Finally, in the 1950s, Morocco gained independence when Sultan Mohammed V became a king, which led Spain and France to eventually give up the claim to the majority of their lands in Morocco.

This has allowed Mohammed and his son Hassan II to build a modern government, in which the sultan has an active political role, which has remained strong to this day. King Hassan has lived till 1999, and his rule of 38 years being the longest in the modern history of the Muslim world. Throughout his and his father’s rule, Morocco has firmly attempted to gain control over the whole of the Saharan Desert (Cleveland and Bunton 6-103).

Modern Morocco is a quickly changing and developing country, with a diverse culture, in which influences of dozens of radically different civilizations can be felt. It is a distinct blend of the persistent, untamed Berber culture, Arab culture, strong Moorish, and Semitic cultures, as well as numerous European influences. They are felt in its architecture, both separately and on their own, and the styles can vary from generously ornate and colorful, to simple and modest.

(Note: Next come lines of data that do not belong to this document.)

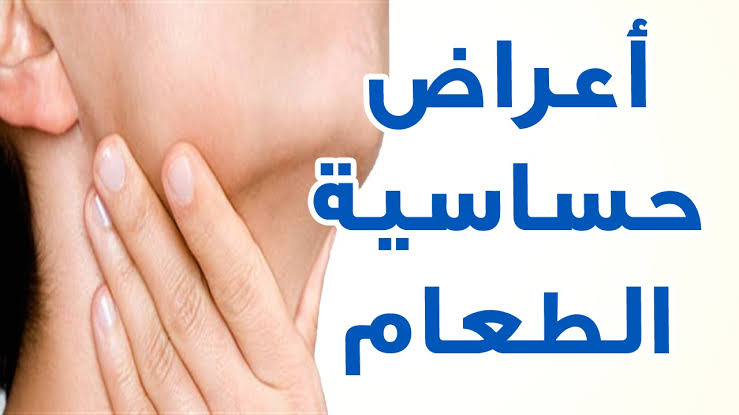 اعراض حساسية الطعام - اسباب حساسية الطعام 2369 2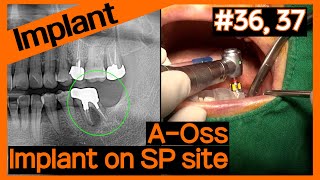 [Online Surgery] OneGuide surgery on #36, #37 after socket preservation using A-Oss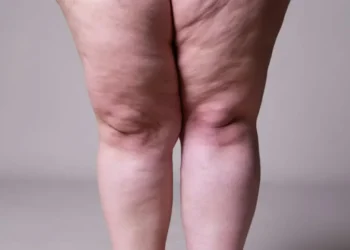 Lipedema é caracterizado pelo acúmulo irregular no corpo, enquanto o linfedema se caracteriza pelo acúmulo anormal de líquido linfático nas pernas e braços, causando inchaço persistente  • Staras/GettyImages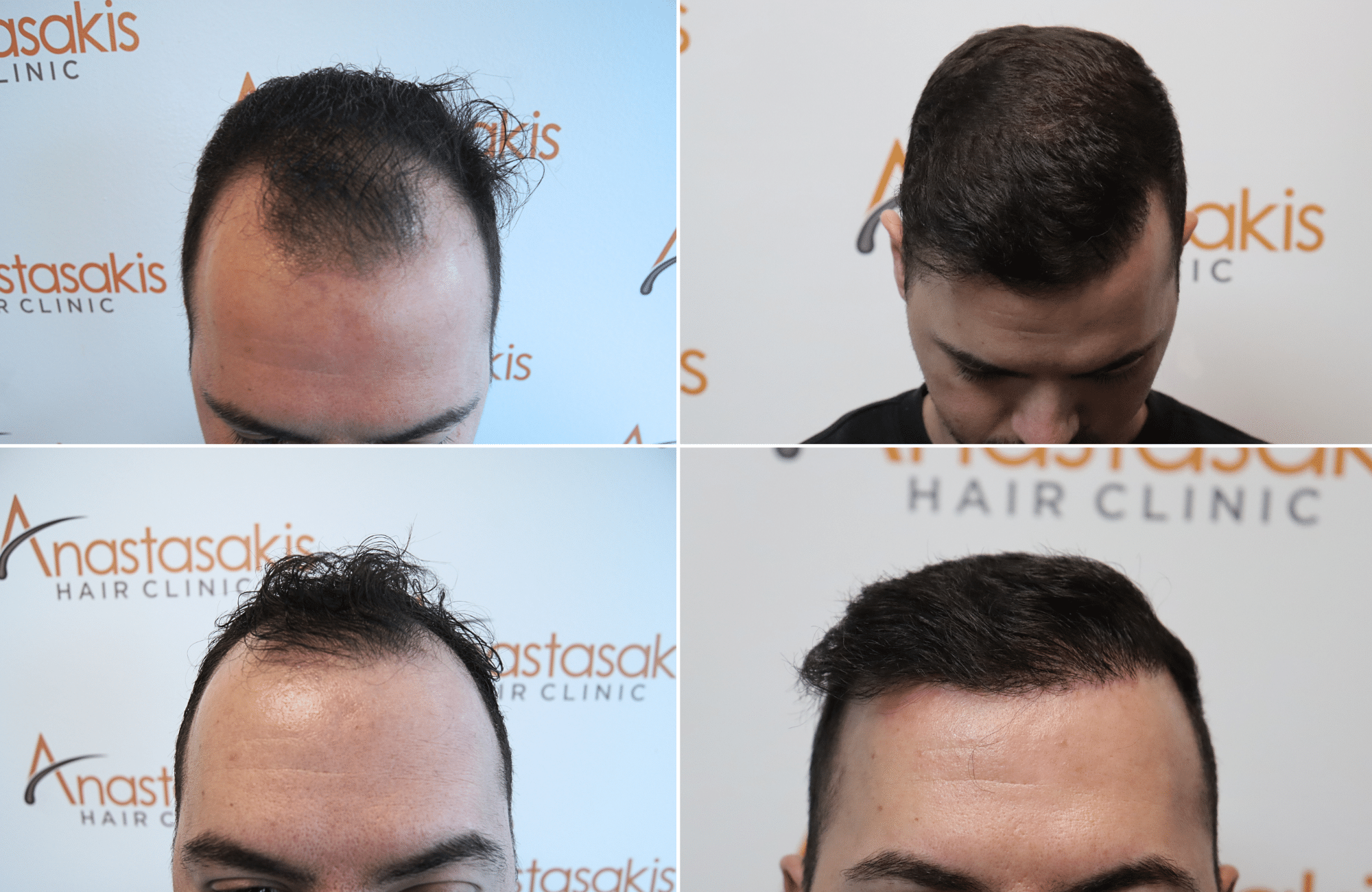 https://www.anastasakishairclinic.gr/portfolio/apotelesma-me-2153-fus/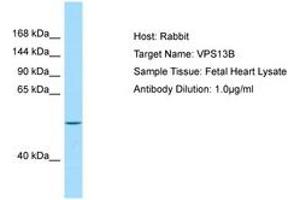 Image no. 1 for anti-Vacuolar Protein Sorting 13 Homolog B (Yeast) (VPS13B) (AA 76-125) antibody (ABIN6749989) (VPS13B antibody  (AA 76-125))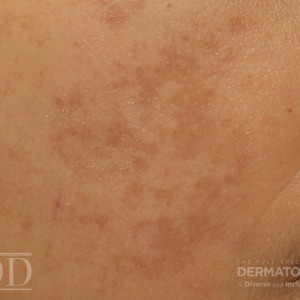 JDD M6491 Figure 1 melasma 21_12_1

The cities shift from the towns, left-over from the years of the French colonization to the Berber and Islamic style houses, temples, and mansions. And nowadays this diversity is further added by the modern glass, concrete, and steel designs, which are built in their distinct style.

The country’s politics and social structure are no less fascinating and stand out among the North African and Middle-Eastern countries. In many ways, its current political decisions are a response to the legacy of King Mohammed’s father Hassan II, who, despite numerous successes and advancements, was widely criticized for abuse of human rights, high illiteracy, and a large gap between the poor and the rich. Since then, the literacy levels had improved to 72 percent in 2012, and in 2006 the country was even awarded the “UNESCO 2006 Literacy Prize”.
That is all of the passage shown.